Records for the exercise section start

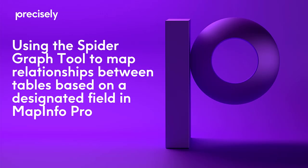Hi everyone, today I'm going to show you how to use the SpyderGraph tool in MapInfo Pro to map relationships between tables based on a designated field.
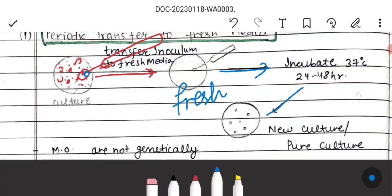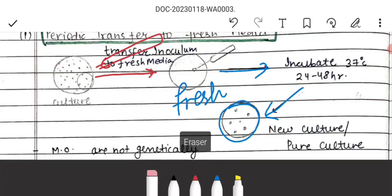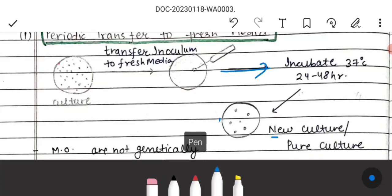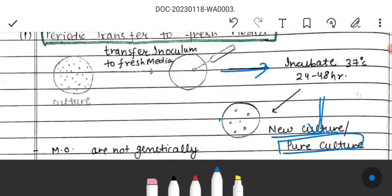We incubate at 37 degrees Celsius for 24 to 48 hours. After incubation, growth on the plate is less as compared to the earlier parent plate. This gives us our new culture, or pure culture. A link to the pure culture techniques lecture is in the description.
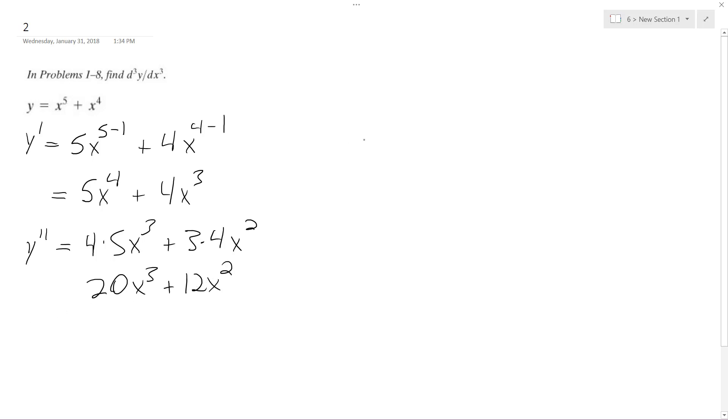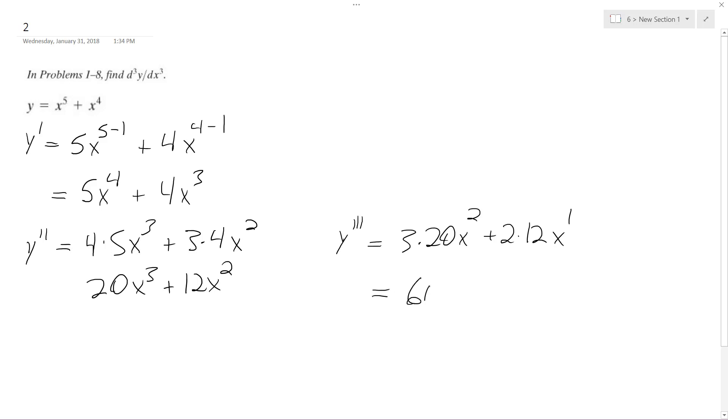So y triple prime is going to be equal to 3 times 20x to the second plus 2 times 12x to the first. And finally what we get is 60x to the second plus 24x.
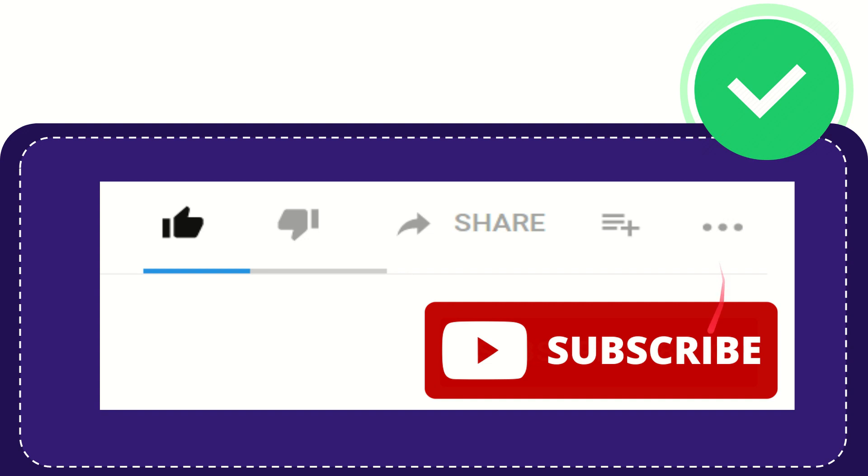And yeah, don't forget to subscribe. I think that's all of it. Thank you so much for watching this video, and see you again in another video.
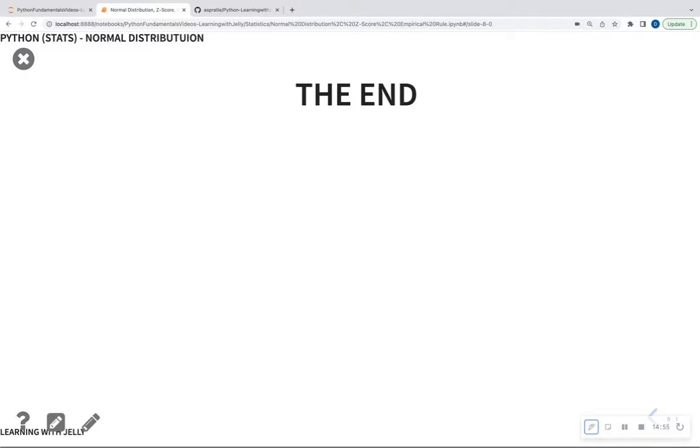That is an overview of the normal distribution, standard normal distribution, Z-score, and the empirical rule. I hope you enjoyed this video. Please like, comment, and subscribe, and I will see you in the next video.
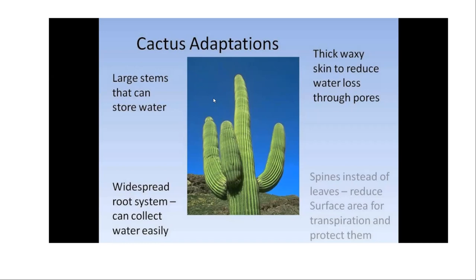The large stems help cacti store water. If you've ever touched a cactus, the outer green part is thick and waxy — that prevents water loss through the outer portion. The root system is also different: rather than deep roots for stability, cactus roots spread out near the surface to collect as much water as possible. All three of these features help collect and store water.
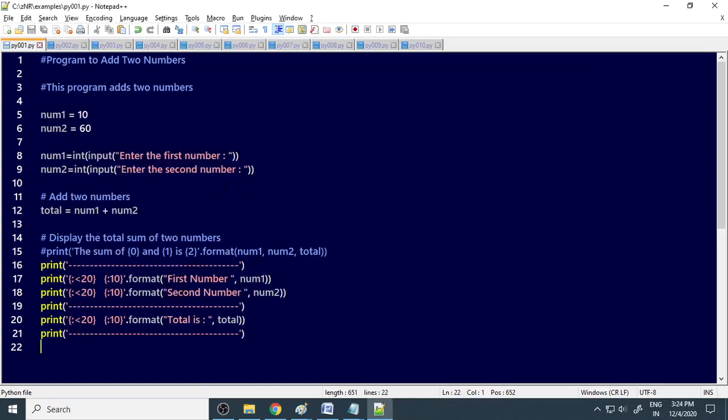That's how we can align the values. Please try all these things, and if you have any doubts, put it in the comment box. Let me know if you have any problems. Thank you for watching.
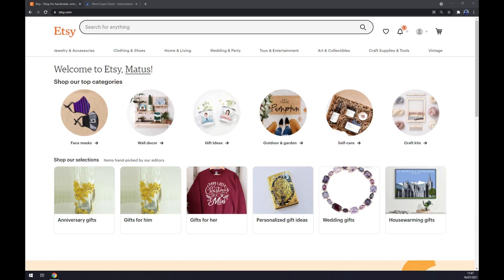Hello guys, my name is Matthew and in today's video I'm going to show you how you can integrate Etsy with WooCommerce. First things first, we have to create ourselves an account at etsy.com or log in to an existing account.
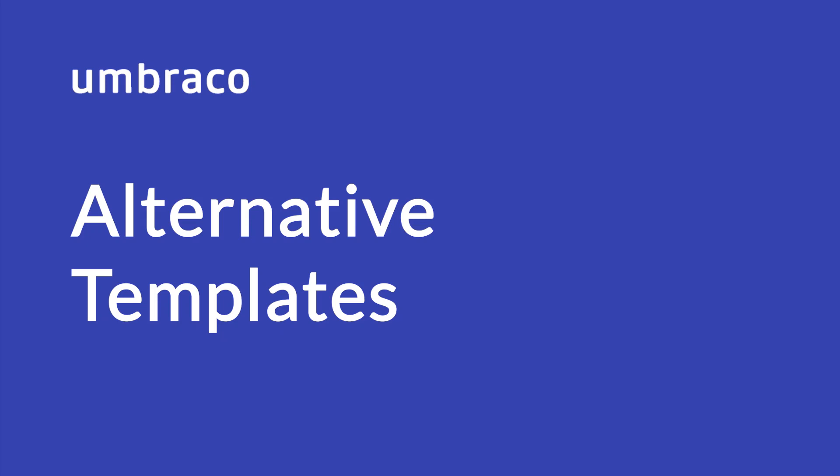In the previous chapter about document types, I briefly mentioned that you can use multiple templates on your content nodes. You might sometimes need to have a secondary view for some of your content. In this video, I'll show you how to create alternative templates and how to assign and use them on your content.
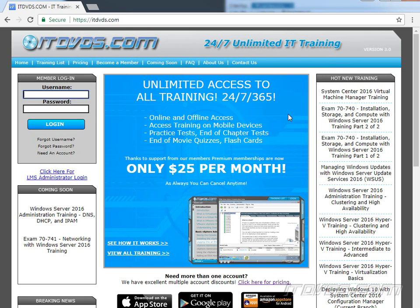This is a sample from our training at itdvds.com. If you'd like to learn more, please go to itdvds.com.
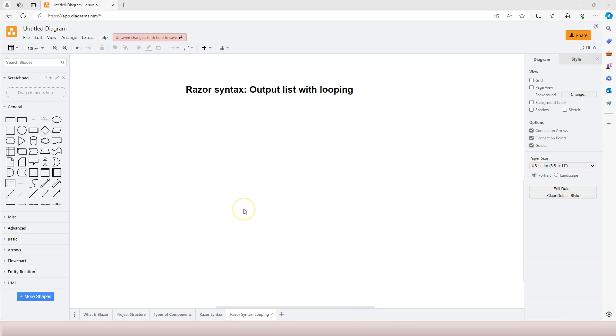Previously, we are able to use Razor syntax to render HTML with C-sharp expressions. What about control structures like looping? In this video, we're going to learn how to use looping to output lists inside our Razor component.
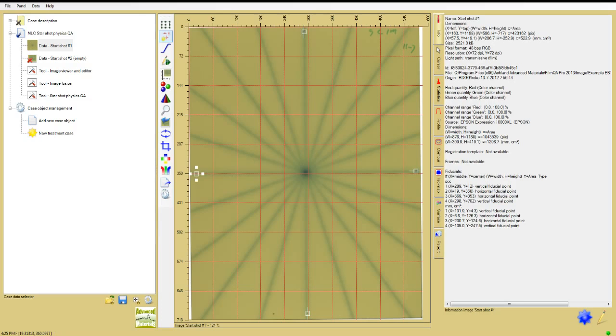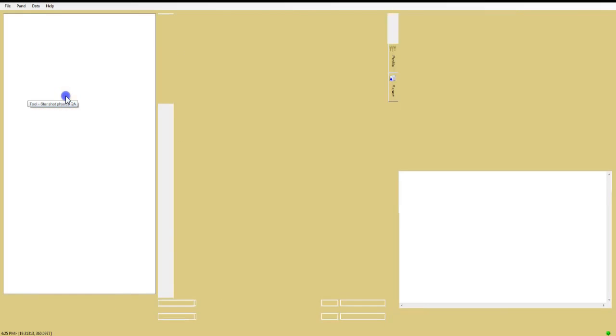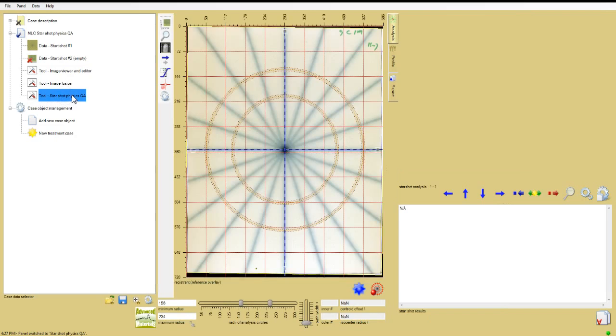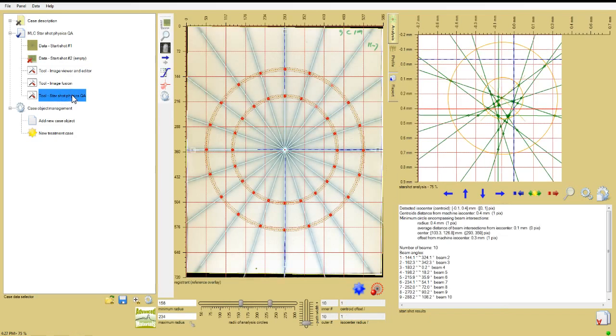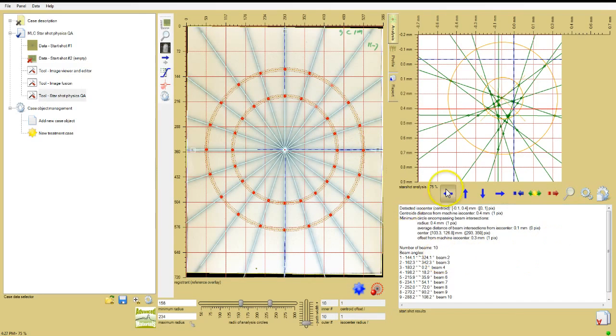With the fiducial marks highlighted, click on the line Tools, Starshot Physics QA at the bottom of the Starshot Case Object. Immediately, two circular analysis paths are added to the image window, and the results, including the smallest circle encompassing all beam intersections and the offset from isocenter, appear in the analysis tab of the analysis window.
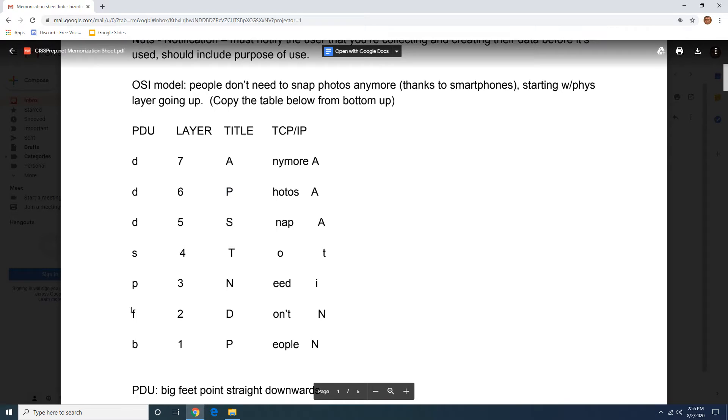Then you have 'when the big feet point straight downwards' for the PDU, and then you have the TCP/IP over here.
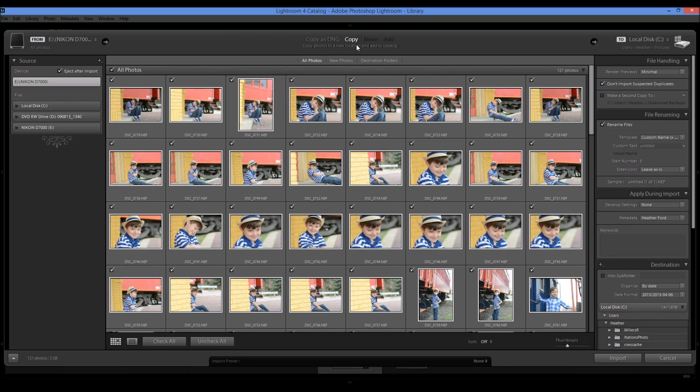Move and add is basically if you're moving photos that are already on your hard drive and then adding photos you can add them from another device. So we're not going to get into that. So I'm just going to choose copy.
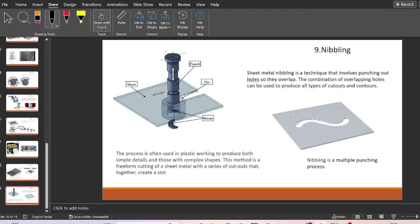The last cutting operation is nibbling. Nibbling is a technique similar to punching where multiple punches are carried out to form a desired shape — punching operation is repeated to produce different types of cutouts. It is a multiple punching process often used in plastic working to produce both simple details and complex shapes. It is essentially a free-form cutting process.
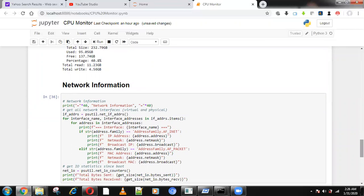It will also find network information. However, I will not show the output because it contains my personal computer information. It shows all the IP addresses, MAC addresses, Ethernet cable addresses, and LAN network addresses using psutil.net_if_addrs(). In the for loop, we can get the net mask and everything.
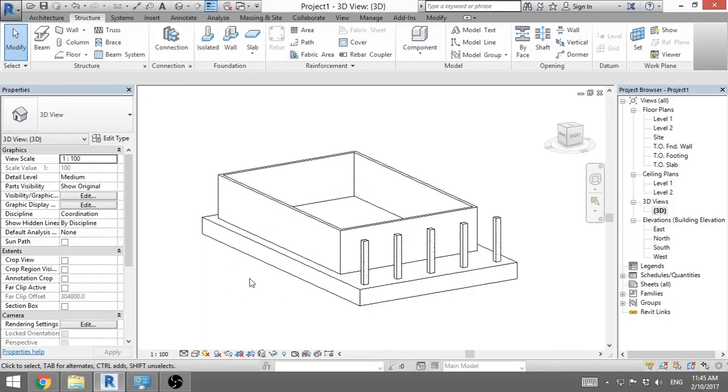So that is the 3 simple ways on how to create foundations in Revit. If you want more simple tutorials like this and even some complicated ones later on, please subscribe for more videos.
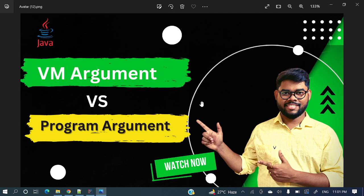Hey everyone, welcome to my channel. I am Rajnikan and in today's video we will see a popular question: VM argument versus program argument.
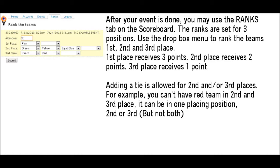Adding a tie is allowed for 2nd and/or 3rd places. For example, you can't have Red Team in both 2nd and 3rd place. It can be in one placing position — 2nd or 3rd — but not both.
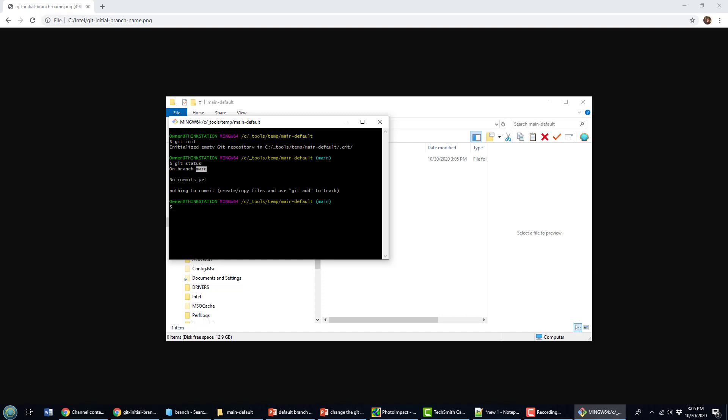Okay, you may not want to be on the branch main even though that's now the default for GitHub. You might want to change it to something else. So how do you do it? Well, it's as simple as this.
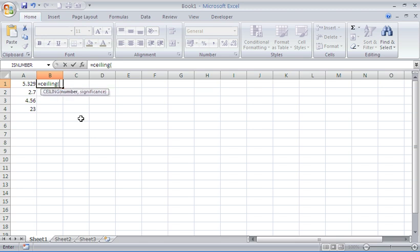I'll put in my opening bracket so it asks for my arguments: number and significance. Number is the number you are looking to round, so in this scenario it is A1. Significance, after putting my comma there, is the number of decimal places or multiple of significance.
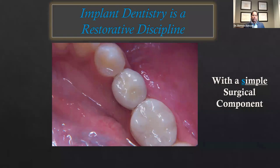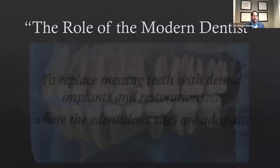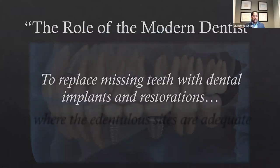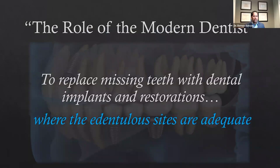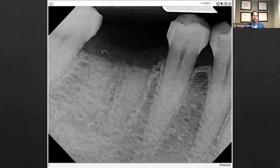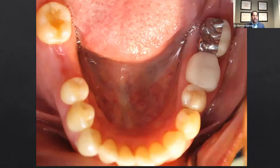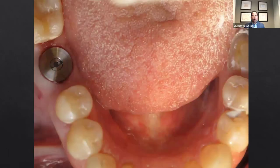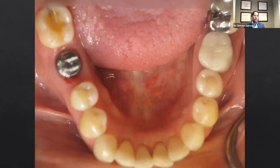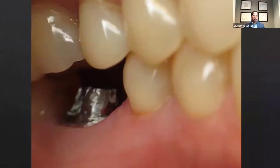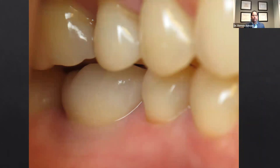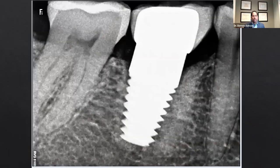With adequate bone — adequate height, width, and length — we replace missing teeth with dental implants and restorations where edentulous sites are adequate and we just go about our process. Here's a case where I extracted a tooth and did a ridge preservation graft. Ridge preservation grafts are significant because they give us width and height and preserve it longer. Having lost this tooth, we place an implant in the posterior molar region, create a prosthetic component after three to three-and-a-half months of healing, and create a restorative solution. Here's that restoration from a lateral view and in place the day it was delivered.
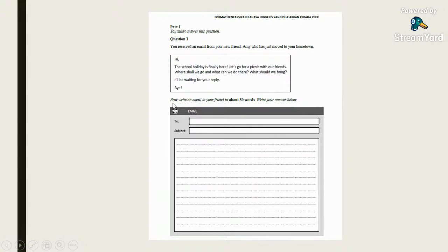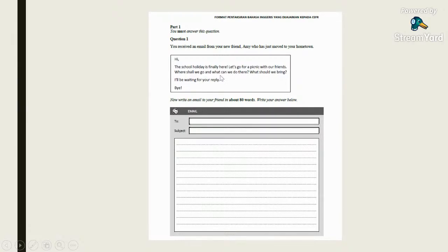For Part 1, it's a short essay of about 80 words. The question: 'You receive an email from your new friend Amy, who has just moved to your hometown.' Remember: Amy is a new friend who has just moved to your hometown. The email from Amy reads: 'Hi! The school holiday is finally here. Let's go for a picnic with our friends. Where shall we go and what can we do there? What should we bring? I'll be waiting for your reply. Bye.' Write an email reply of about 80 words.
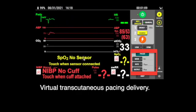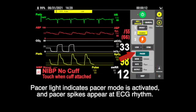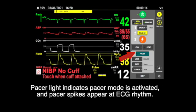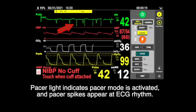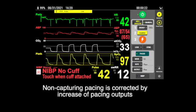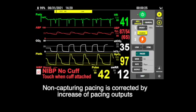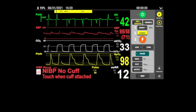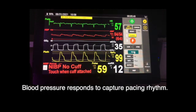For virtual transcutaneous pacing delivery, the pacer light indicates that pacer mode is activated and a pacer spike appears on the ECG rhythm. Non-capturing pacing is corrected by increasing the pacing output. Blood pressure then responds to the capture pacing rhythm.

Records for the exercise section end

» **Brief**: What is wanted is an exact copy of the lines above from the one containing "So y triple" through the one containing "This is a sample", with no pictures in it.

» **Task answer**:
So y triple prime is going to be equal to 3 times 20x to the second plus 2 times 12x to the first. And finally what we get is 60x to the second plus 24x.
And yeah, don't forget to subscribe. I think that's all of it. Thank you so much for watching this video, and see you again in another video.
That is an overview of the normal distribution, standard normal distribution, Z-score, and the empirical rule. I hope you enjoyed this video. Please like, comment, and subscribe, and I will see you in the next video.
The large stems help cacti store water. If you've ever touched a cactus, the outer green part is thick and waxy — that prevents water loss through the outer portion. The root system is also different: rather than deep roots for stability, cactus roots spread out near the surface to collect as much water as possible. All three of these features help collect and store water.
That's how we can align the values. Please try all these things, and if you have any doubts, put it in the comment box. Let me know if you have any problems. Thank you for watching.
Hello guys, my name is Matthew and in today's video I'm going to show you how you can integrate Etsy with WooCommerce. First things first, we have to create ourselves an account at etsy.com or log in to an existing account.
In the previous chapter about document types, I briefly mentioned that you can use multiple templates on your content nodes. You might sometimes need to have a secondary view for some of your content. In this video, I'll show you how to create alternative templates and how to assign and use them on your content.
This is a sample from our training at itdvds.com. If you'd like to learn more, please go to itdvds.com.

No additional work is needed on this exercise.